# Show us your stash



## ShaneW (26/10/14)

So Friday was my 9 months anniversary for exclusive vaping. Thought I'd share a photo of my stash... 

That is my personal stash only, none of it is shop stock. And vaping was meant to be cheaper. Hahaha 





That is not everything, there is a box missing somewhere. 

Show us yours...

Reactions: Like 6 | Winner 7 | Funny 1


----------



## Andre (26/10/14)

No wonder you had to start a shop to keep bread on the table. Lol, had a similar collection of gear, but got rid of most bar the Reos. Hard part now is not to start a new collection.

Reactions: Like 2 | Funny 1


----------



## 2 Angry Wolves (26/10/14)

I simplified too. But its for new better things in the future!

Reactions: Like 1


----------



## Silver (26/10/14)

Awesome looking stash @ShaneW 
I see lots of familiar looking bottles there 

Looks so good the way you arranged it all !

My stash is far less good looking - its all stacked in various cupboard spots and I am a too nervous to take it out for a photo shoot - in case my wife sees it all together....

Reactions: Like 1 | Funny 5 | Can relate 1


----------



## crack2483 (26/10/14)

ShaneW said:


> So Friday was my 9 months anniversary for exclusive vaping. Thought I'd share a photo of my stash...
> 
> That is my personal stash only, none of it is shop stock. And vaping was meant to be cheaper. Hahaha
> 
> ...



Wtf! Going to have to come around for more "samples" 

Sent from my SM-N9005 using Tapatalk

Reactions: Like 1


----------



## rogue zombie (26/10/14)

My stash... Very modest 



Once you crack the super-secret code

Not much, but variations of this is what gets me by.

Bottle of Witchers, a Sheep, some Vape King and Craft Vapour... And I'm good.

I am sooo needing to try Vapour Mountain, Sky blue and Lekker Vapors.

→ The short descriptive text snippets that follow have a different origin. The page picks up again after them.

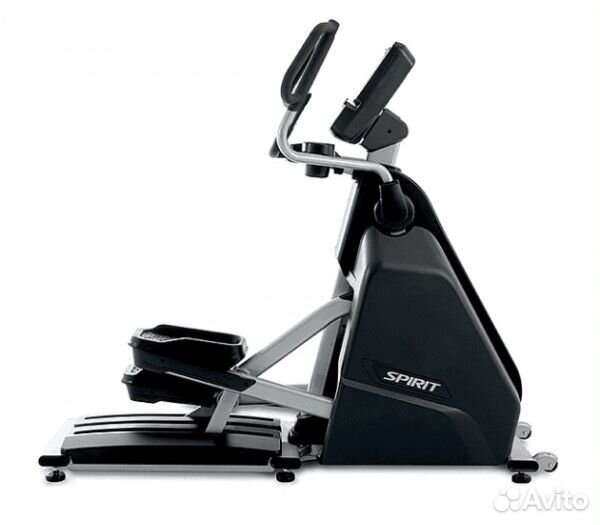Эллиптический тренажер Spirit Fitness CE900ENT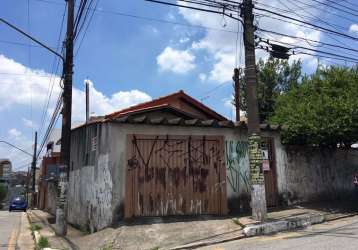 Terreno residencial à venda, vila nossa senhora das vitórias, mauá - te0174.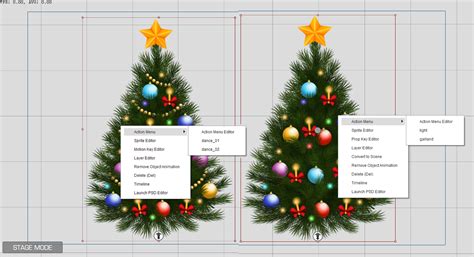 JavaScript Christmas Tree 的图像结果
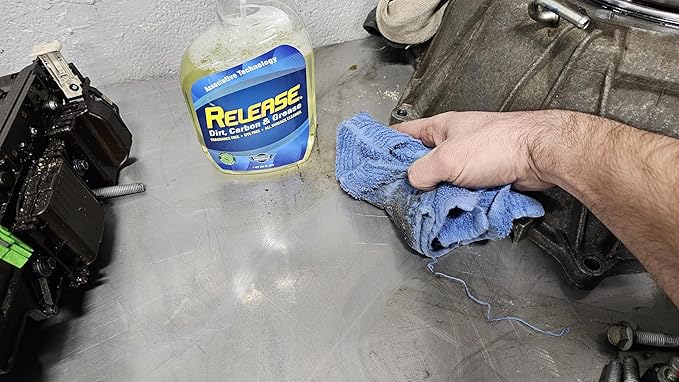 Release Cleaner + Foamer Kit (1 Gallon) - Multi-Purpose All-Surface Cleaner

However the more I don't see a brand in 18mg... The further in line it goes.

Reactions: Like 1


----------



## rogue zombie (26/10/14)

ShaneW said:


> View attachment 13872



I'd have a field day with that stash!


----------



## kimbo (26/10/14)

r0gue z0mbie said:


> I'd have a field day with that stash!



Just a day .. more like a field week

Reactions: Like 1


----------



## capetocuba (26/10/14)

Well done for getting it all in one place. I must have 2 liters juice

Reactions: Like 6


----------



## ShaneW (26/10/14)

Silver said:


> Awesome looking stash @ShaneW
> I see lots of familiar looking bottles there
> 
> Looks so good the way you arranged it all !
> ...



Thank you @Silver, you helped me remember where the missing box is... I hid it from the wife

Reactions: Funny 5


----------



## Marzuq (2/11/14)

wow you guys make my stash look like childs play lol. i definitely can't play with this group

Reactions: Agree 1 | Can relate 1


----------



## Dr Phil (2/11/14)



Reactions: Like 2


----------